Gotcha 2: Empty cells vs missing cells are different
null (genuinely blank) and "__UNREADABLE__" (content present but illegible) are semantically different. Conflating them causes data quality issues: blank cells can be filled with defaults; unreadable cells need human review. The prompt above explicitly distinguishes them — make sure your post-processing does too.

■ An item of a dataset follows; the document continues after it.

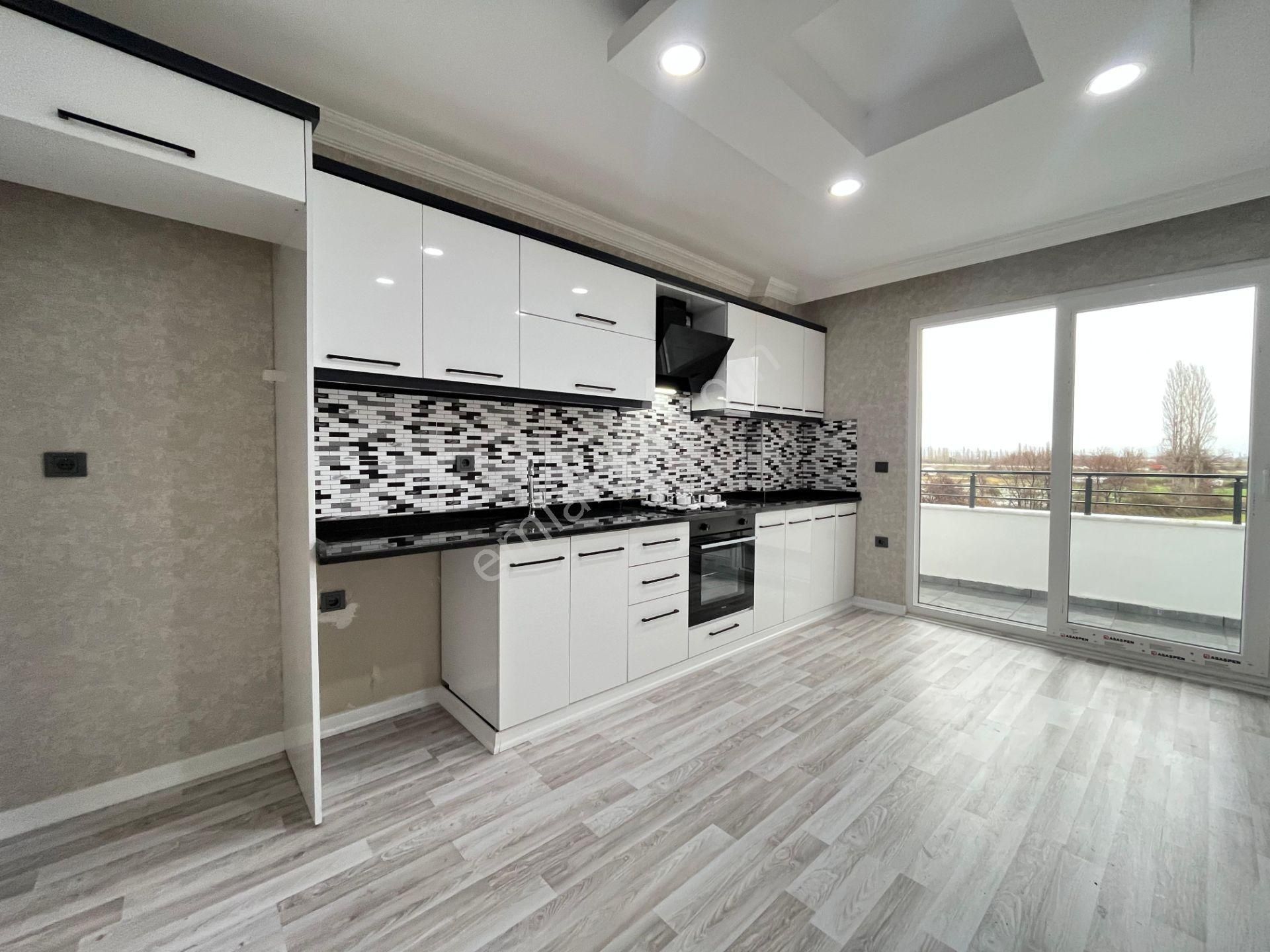 Akçay Özgüven Emlak'tan Ön Cephe Arakat Asansörlü Yeni 1+1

Gotcha 3: Number format locale differences
1,234.56 (US/UK) and 1.234,56 (Germany/Brazil) use opposite separators. Calling float("1,234.56") raises a ValueError. The safest approach:
- Ask the model to preserve the original format unchanged
- Parse with locale-aware logic in code:
def parse_number(value: str, locale: str = "en_US") -> float | None:
if not value:
return None
if locale == "en_US":
return float(value.replace(",", ""))
elif locale == "de_DE":
return float(value.replace(".", "").replace(",", "."))
return None
If the source locale is unknown, log the raw string and defer conversion until locale is confirmed rather than guessing.